L’action brutale de Washington DC, diffusée quelques heures plus tard en direct à la télévision nationale, devait servir de démonstration de ce que l’administration prévoyait de faire dans tout le pays.

On a révélé par la suite que la seule raison pour laquelle Trump n’avait pas invoqué la loi sur l’insurrection à ce moment-là était la réticence d’une section de l’état-major militaire. Ce dernier craignait qu’une abrogation aussi ouverte des droits démocratiques ne fût prématurée et risquait de déclencher une explosion sociale.

La position du gouvernement Biden est aussi importante que la décision du juge Friedrich. Avant le jugement, le département de la Justice de Joe Biden avait plaidé au nom des défendeurs, c’est-à-dire de Trump, pour que l’affaire des plaignants soit rejetée. Le gouvernement a fait valoir qu’étant donné que Trump n’était plus en fonction, le procès était sans objet. Les avocats du gouvernement ont également fait valoir que le nettoyage du square était justifié pour des raisons de sécurité présidentielle. Ils ont affirmé essentiellement que des menaces inexistantes pour la sécurité du président l’emportaient sur les droits constitutionnels de tous les autres.

Quant aux médias, ils ont largement ignoré la décision de la juge.
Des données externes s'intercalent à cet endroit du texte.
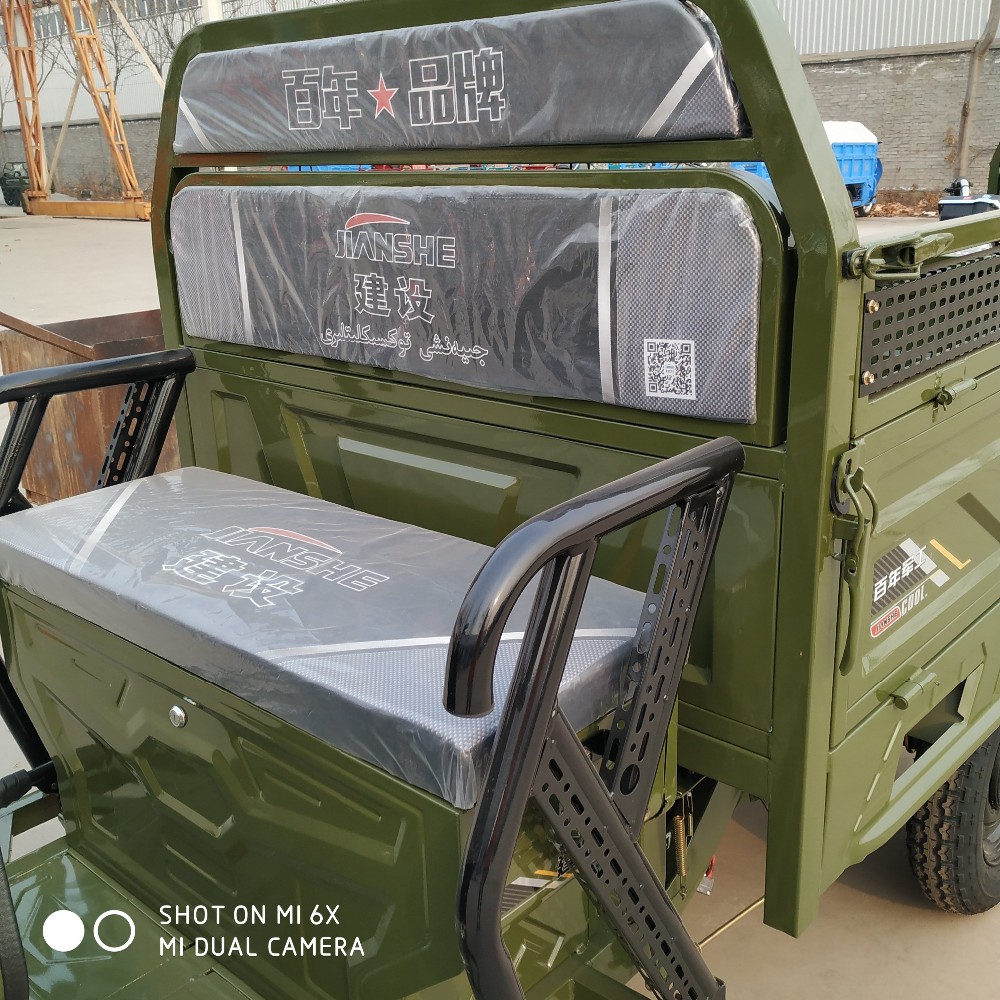 3 Wheel Electrically 60v 30Ah Solar Assisted Tricycle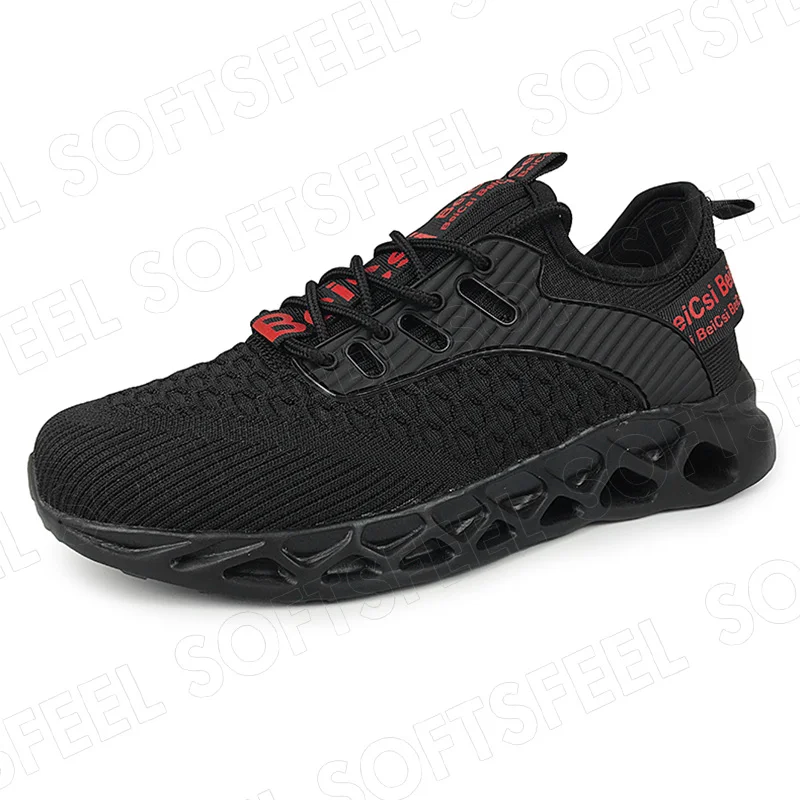 Softsfeel Women's Pain Free Perfect Walking Shoes - Black Red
Le New York Times a publié un article superficiel de neuf paragraphes qui ne dit rien du contexte politique de l’action de Trump, ni du discours du Rose Garden et de la menace d’invoquer la loi sur l’insurrection. Le Washington Post a publié une analyse plus détaillée, qui ne faisait pas non plus référence au discours de la Roseraie. Quant aux chaînes d’information télévisées, elles n’ont même pas rapporté la décision.

Le rôle des démocrates, tout au long du gouvernement Trump et après, a été de couvrir l’assaut de grande envergure contre les droits démocratiques. Cela inclut le complot fasciste qui visait à kidnapper les gouverneurs démocrates du Michigan et de la Virginie, encouragés par les appels de Trump à «Libérer le Michigan!» et d’autres États de toute mesure contre la propagation de la pandémie.

La conspiration antidémocratique a culminé avec la tentative de coup d’État fasciste du 6 janvier, visant à bloquer la certification du résultat des élections de 2020 et à empêcher le transfert du pouvoir. Les démocrates et les médias suppriment les révélations en cours sur la complicité de l’armée et de la police dans cette tentative de coup d’État, tandis que la ligne de Biden était de dire qu’il fallait «passer à autre chose» au nom de «l’unité» et du «bipartisme» avec les complices républicains de Trump dans la conspiration.

L’intervention du gouvernement Biden dans l’affaire du square Lafayette est une confirmation supplémentaire qu’il n’y a aucune partie de la classe dirigeante qui défendra les droits démocratiques, les deux factions réactionnaires de la classe dirigeante plaidant devant les tribunaux pour le droit d’utiliser la violence d’État contre l’opposition politique intérieure.